Como o prontuário eletrônico pode ajudar em tempos de zika vírus

zika vírus

A recente epidemia de zika vírus, que já atinge 32 países das Américas e tem mais de 1,6 milhão de casos confirmados, apresenta fortes indícios de ser responsável pelo número também crescente de casos de microcefalia no Brasil: 462 ocorrências foram confirmadas entre 2015 e 2016, de um total de 5.079 notificações. Em 2014, houve apenas 147 notificações.

Quem nasce com essa condição pode sofrer de convulsões, cegueira ou perda parcial da visão, disfunções motoras e atrasos no desenvolvimento, o que irá requerer assistência médica constante e de longo prazo. Num País em que a grande maioria dos registros médicos ainda é analógica e em que a informação é fragmentada e não compartilhada entre as instituições, como essas pessoas serão acompanhadas e que tipo de tratamento receberão?

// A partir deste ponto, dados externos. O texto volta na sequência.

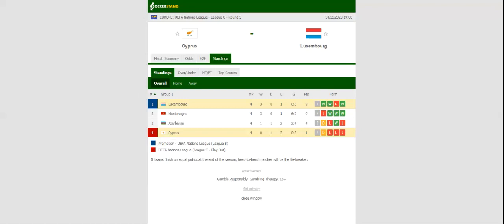Cyprus play host to Luxembourg at their Neo-Guides in the Nations League Group Five. The Cypriots are eager to avoid relegation to League D, and we are positive that they will leave their hearts on the field in Saturday's football match.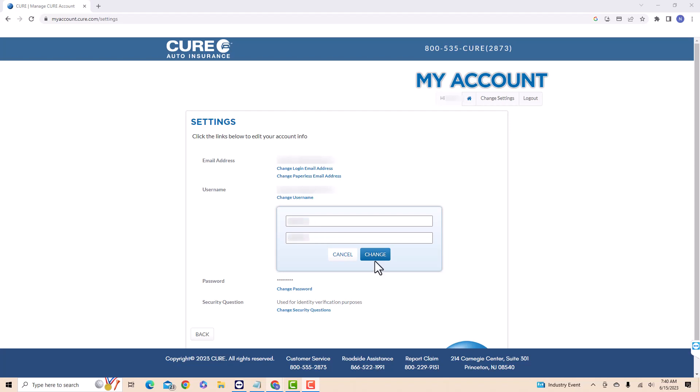Once entered, click on the option that says change. That's how you change your CURE auto insurance account username.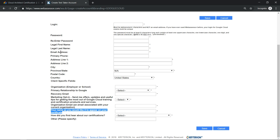The second important thing is your email address. My preference is to give your personal email ID when registering, even though you are attached to an organization. Use your personal email ID because you may change your organization within the two-year span, and if you attach it to your organizational ID it will be difficult to recover your account.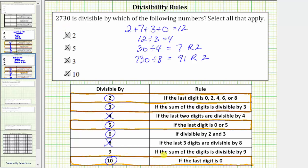A number is divisible by 9 if the sum of the digits is divisible by 9. We know the sum of the digits is 12. And 12 is not divisible by 9 because if we divide, we get 1 with a remainder of 3. So because of the remainder, 12 is not divisible by 9 and neither is 2,730. So if we apply all these divisibility rules, 2,730 is divisible by 2, 3, 5, 6, and 10.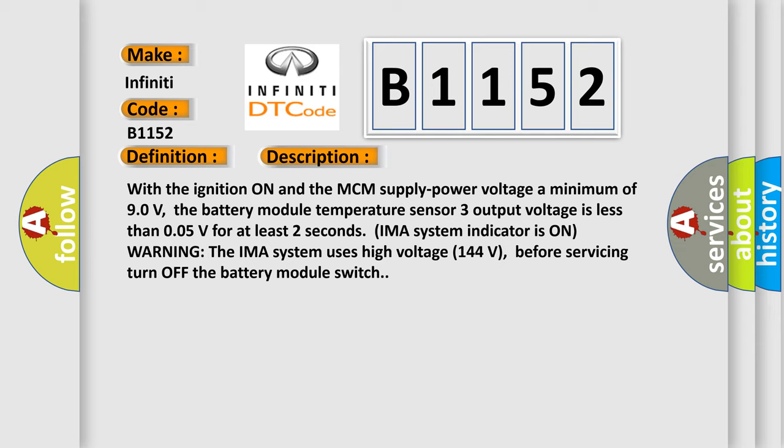IMAS system indicator is on warning. The IMAS system uses high voltage 144 volts. Before servicing, turn off the battery module switch.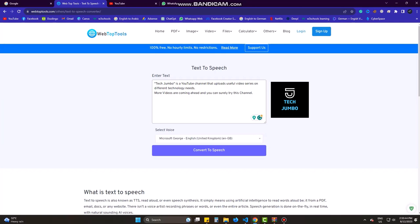The second one is Hazel. TechJumbo is a YouTube channel that uploads useful video series on different technology needs. More videos are coming ahead and you can surely try this channel. It's female voice and seems to be okay.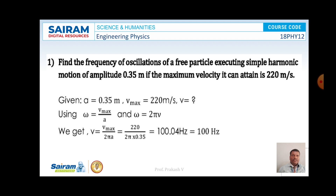Find the frequency of oscillations of a free particle executing simple harmonic motion of amplitude 0.35 meters, if the maximum velocity it can attain is 220 meters per second. Here, amplitude a equals 0.35 m and Vmax equals 220 m/s. We know that omega equals Vmax divided by a, and omega equals 2π times frequency (nu), such that nu equals Vmax divided by (2π times a). Substituting: nu equals 220 divided by (2π × 0.35). On simplification, nu equals 100.04 Hz, which is approximately 100 Hz.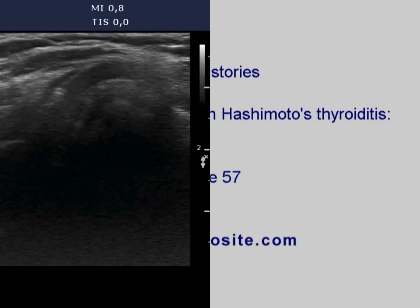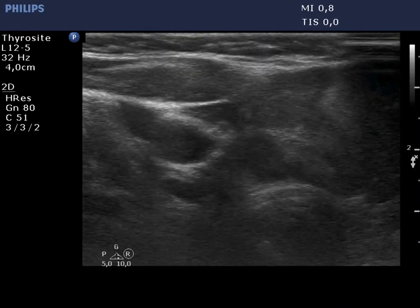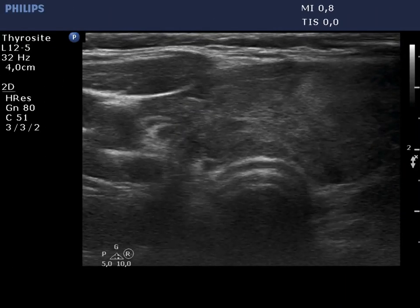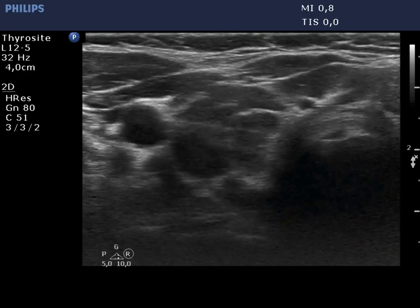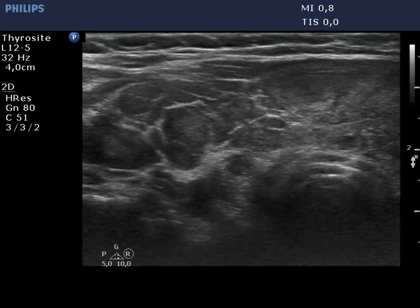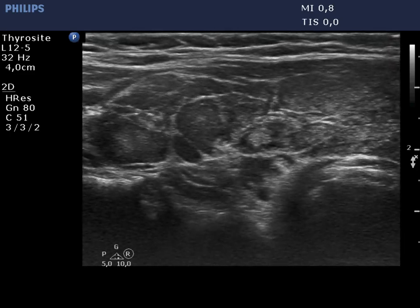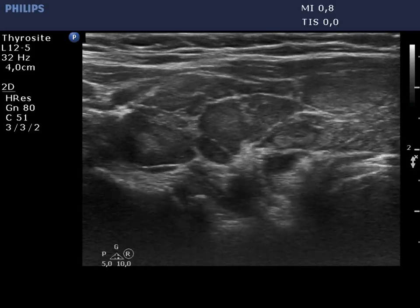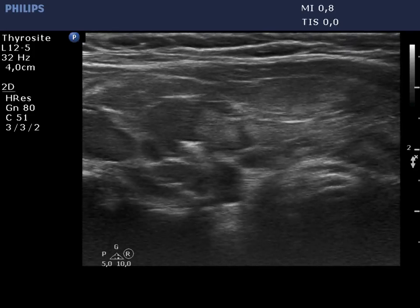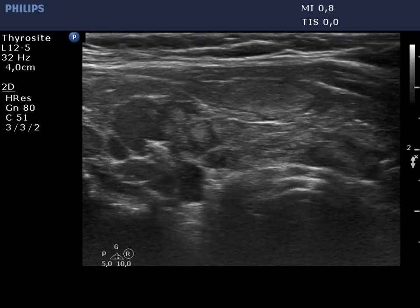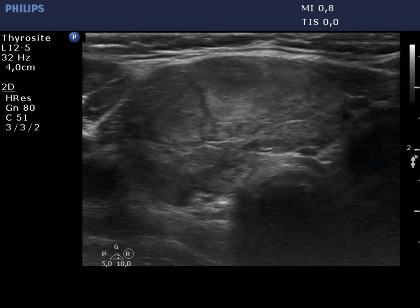The right lobe is composed of hypoechoic discrete lesions divided by connective tissue. These lesions have irregular shape and borders, and none of them fits a pathological nodule. The lower part of the lobe contains echotextured normal tissue.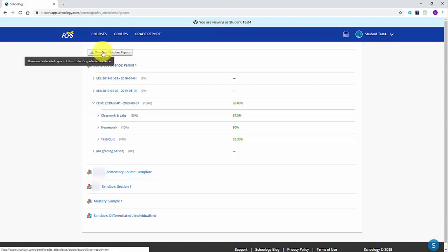Lastly, you will notice a download student report button at the top if you wanted to download and print a copy of your student's grades.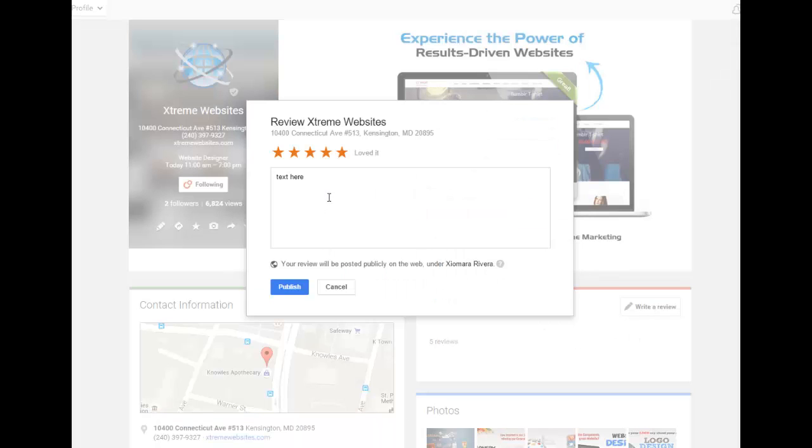If you are not already logged in, you will be prompted to log in to your Google account. Enter your account information and click sign in. If you don't already have a Google account, click create an account and follow Google's instructions to create a Google account.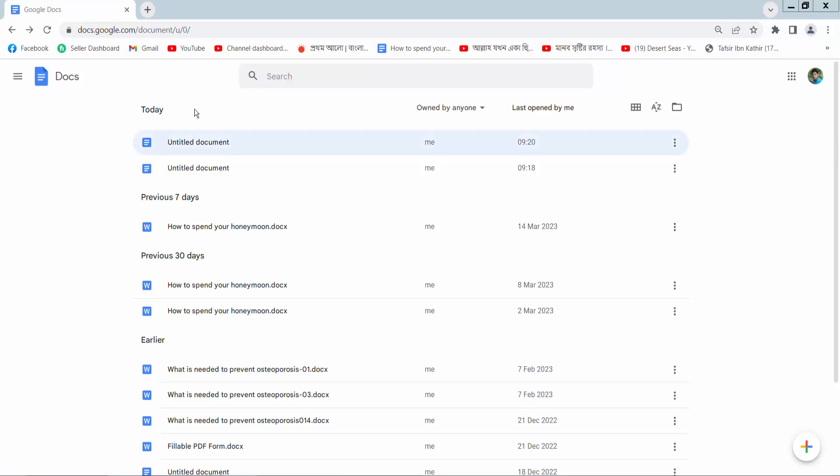First open your browser and go to docs.google.com and open your file. Also you can create a new document.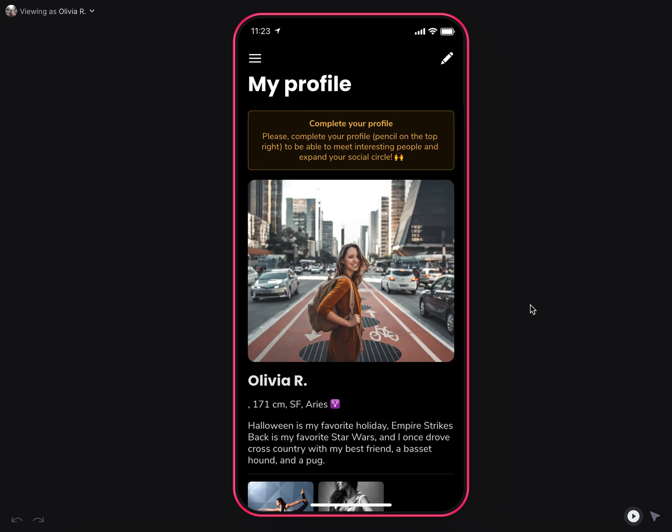Hello everyone and welcome to this Tinder-like swipe and match app — a Glide app to help your users register, complete their profile, swipe users, meet interesting people, and expand their social circle.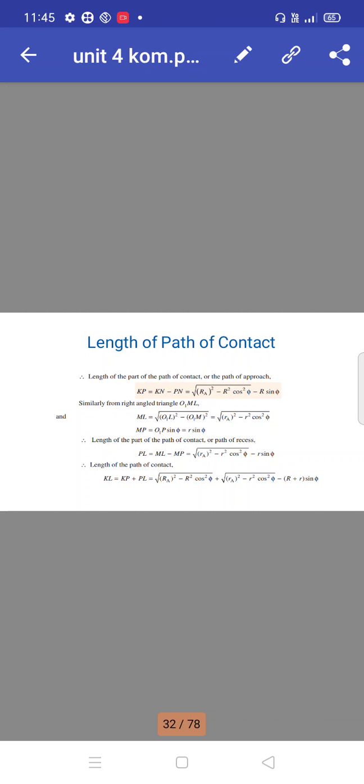The total length of path of contact KL equals KP plus PL equals √(RA² − R² cos²φ) plus √(ra² − R² cos²φ) minus (capital R plus small r) sin φ.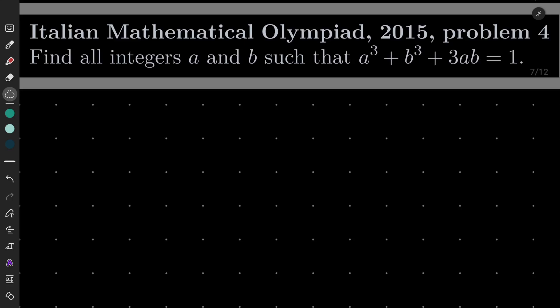Hello friends. In this video I'd like to solve the following problem from the Italian Mathematical Olympiad 2015, problem number 4. We wish to find all integers a and b such that the following Diophantine equation is satisfied: a cubed plus b cubed plus 3 times ab equals 1.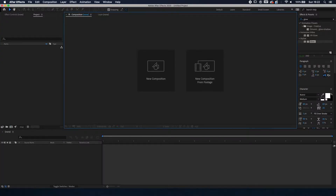What is going on, ladies and gentlemen — Revan here, and welcome to another tutorial. In this video I'm going to explain to you how to make an audio spectrum in Adobe After Effects. So without further ado, let's get started.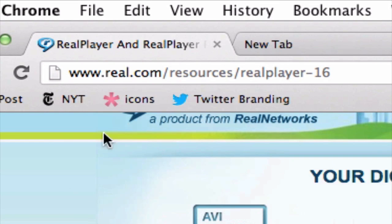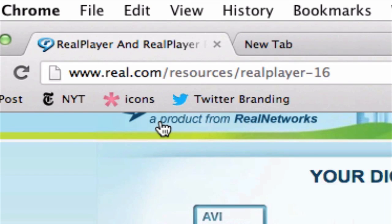So all you have to do now is navigate to the RealPlayer website at www.real.com/resources/RealPlayer-16.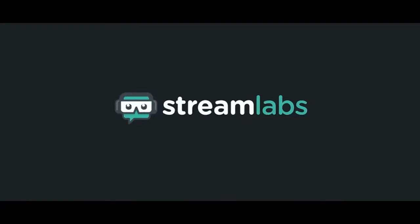This video was brought to you by Streamlabs OBS. Use the link in the description below to start building your brand and upping your game on Twitch.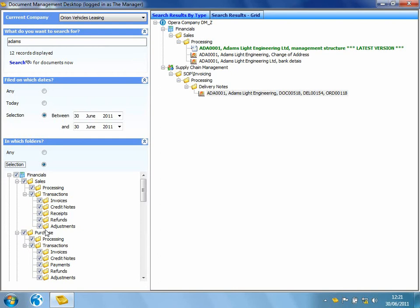What we can also do with document management itself is actually set up our own folders. So it could be that we want to start storing documents that have nothing to do with our Opera 3 data, perhaps things like minutes of meetings or design drawings. So within Opera 3 document management itself, we can actually create our own folders and subfolders that I would be able to navigate to and store documents within.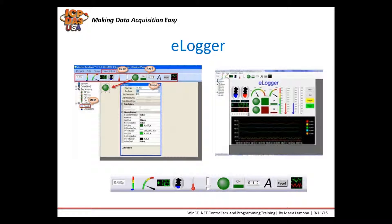eLogger is a free data logging, control, and monitoring application we provide for use with our WinPACs. You can install it on your PC, create a program, and upload it to the WinPAC controller, and the controller can work as a standalone control and monitoring system. It's very easy to use and you can set it up very quickly. There are different drag and drop tools like gauges, text boxes, and buttons to display information or make changes. It also supports scripting.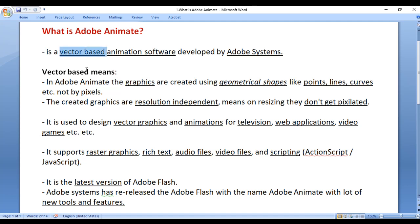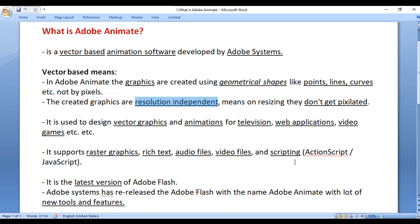Adobe Animate is a vector based animation software. Vector based means the graphics are created using geometrical shapes like lines, curves, etc., and they are resolution independent — on resizing they don't get pixelated. Using Adobe Animate you can create vector graphics, animations, video games, simulations, and interactive applications. It supports raster graphics, rich text, audio files, video files, and scripting languages. In the upcoming tutorials we will understand how to create vector graphics, animations, interactive applications, video games, and simulations using Adobe Animate.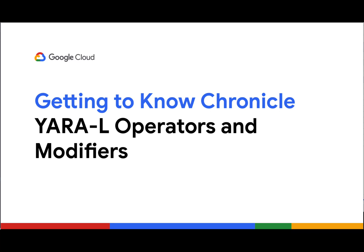Welcome to Getting to Know Chronicle. I'm John Stoner, a member of the Adoption Engineering team here at Google Cloud,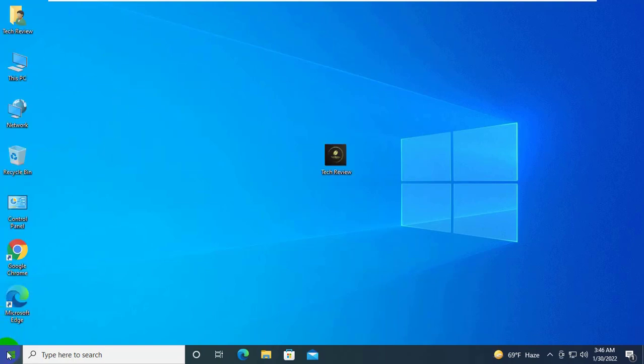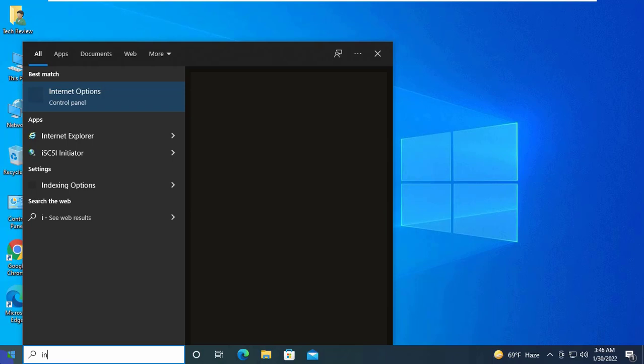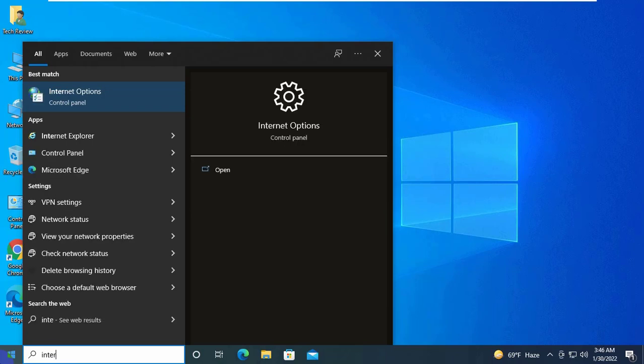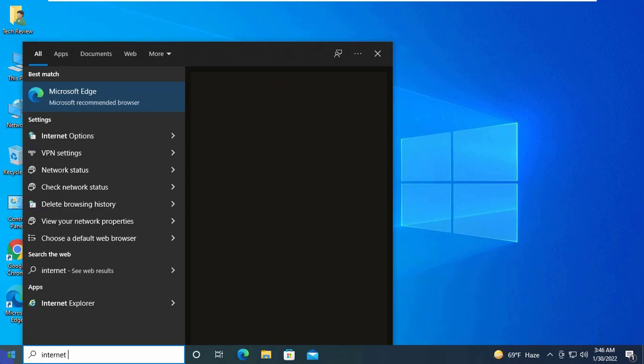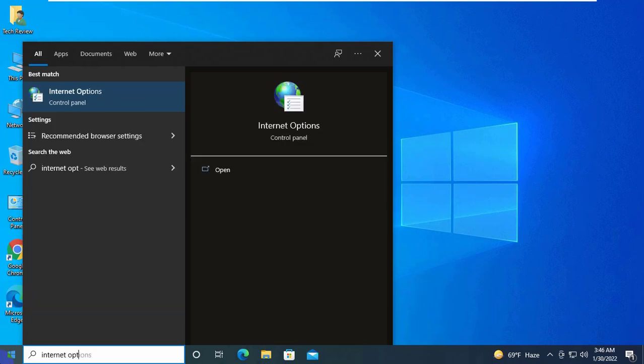Click on the start menu. Type internet option. After appearing the internet option, click on it.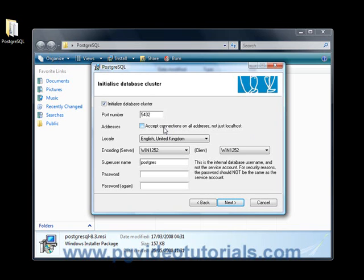There's no point in accepting connections from anywhere else. Only tick this if you know what you're doing network-wise and you're well protected.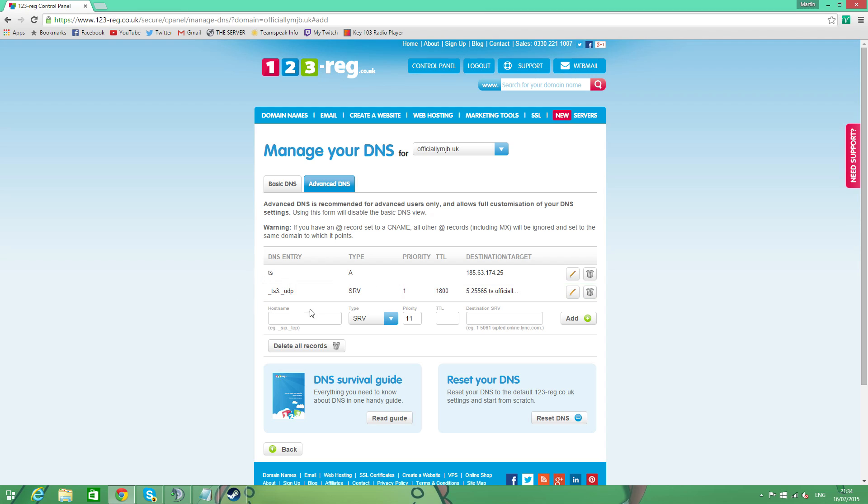And now what we can do is we can go onto our TeamSpeak and we can connect using that. You don't even need the TS on the front, I found. For mine, I could just do officiallymjb.uk and let me connect to the TeamSpeak. If you have any questions, for the love of God, don't ask me.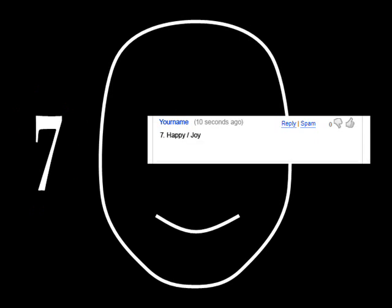For this example, you may type number seven, happy or joy. You will not type smile. Any and all input will be greatly appreciated.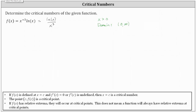The next step is to determine the derivative and find where it's equal to zero or undefined. We can use either form of the function. If we use the first form, we'll need the product rule. If we use the second form, we'll need the quotient rule. I'm going to use the original form and the product rule.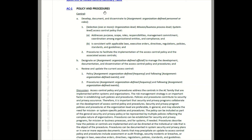Looking at access controls, here is AC-1, which talks about policies and procedures. It's so important to have policies and procedures written out so everyone is on the same page and knows the requirements. Procedure documents also help reduce user error — if you have an SOP listing out steps to provision accounts or do other tasks, it reduces human error.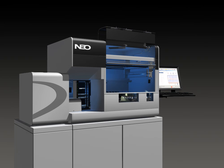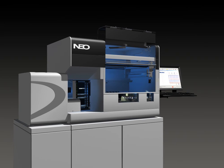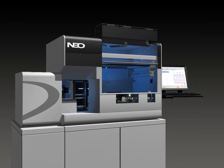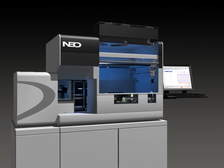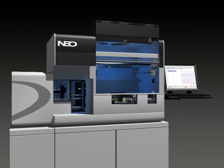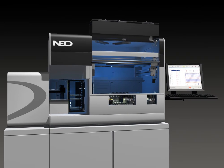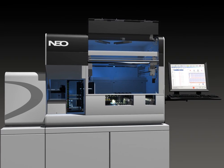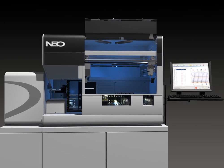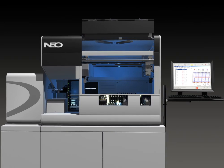NEO is ImmuCore's fourth generation fully automated instrument for blood bank and the next generation of instrumentation in the high volume segment of our scalable solutions.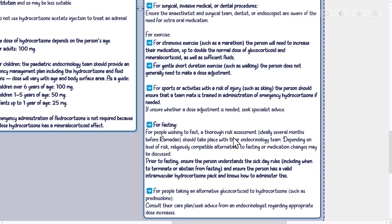If unsure whether a dose adjustment is needed, seek specialist advice. For people wishing to fast, a thorough risk assessment — ideally several months before Ramadan — should take place with their endocrinology team. Depending on level of risk, religiously compatible alternatives to fasting or medication changes may be discussed. Prior to fasting, ensure the person understands the sick day rules including when to terminate or abstain from fasting, and ensure they have a valid intramuscular hydrocortisone pack and know how to administer it. For people taking an alternative glucocorticoid to hydrocortisone such as prednisolone, consult their care plan or seek advice from an endocrinologist regarding appropriate dose increases.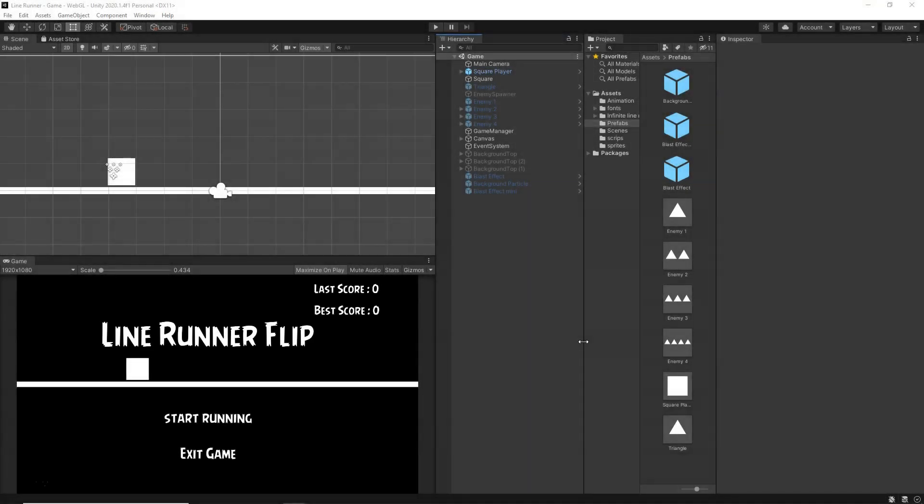Hey guys, this is Raja and welcome back to another new video. In this video I'm going to show you how to publish your game online for free. If you have finished building your game and want to make it available online so that your friends, family, and everyone on the internet can play it live in the browser, then let's get started.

Situações caóticas e emergenciais requerem um chamado à ação. Se a solução para o problema está disponível, por que não usá-la? A promessa da integração de dados via cartão SUS já tem mais de 15 anos, sem que o prontuário eletrônico tenha sido implementado. E reside nele a resposta para um acompanhamento contínuo e efetivo dos pacientes, que poderiam ser localizados, atendidos e ter todo o seu histórico de saúde acessado em tempo real se a tecnologia fosse, de fato, empregada.

Além do emprego individual, o prontuário eletrônico do paciente, se utilizado em escala nacional, é também uma ferramenta importante para a definição de políticas e estruturação da assistência, uma vez que a compilação de dados de atendimento em todas as instituições de saúde e com um registro único por pessoa, independentemente do ponto de entrada, poderia gerar mapas de calor, apontando as regiões com mais necessidades de recursos, seja para prevenção, seja para tratamento, e análise da real efetividade das ações, permitindo rápidas correções de rota.

É certo que ainda há obstáculos para a sua completa implementação, como a falta de estrutura tecnológica nas instituições de saúde e de padronização dos sistemas, dúvidas acerca da confidencialidade e segurança dos dados e ausência de uma legislação específica sobre o tema, mas, enquanto não houver um estímulo nacional para a sua adoção, como o que ocorreu com a promulgação do Health Information Technology for Economic and Clinical Health Act, dos Estados Unidos, pouco será feito para aprimorar os sistemas e, de fato, implementá-los onde são necessários.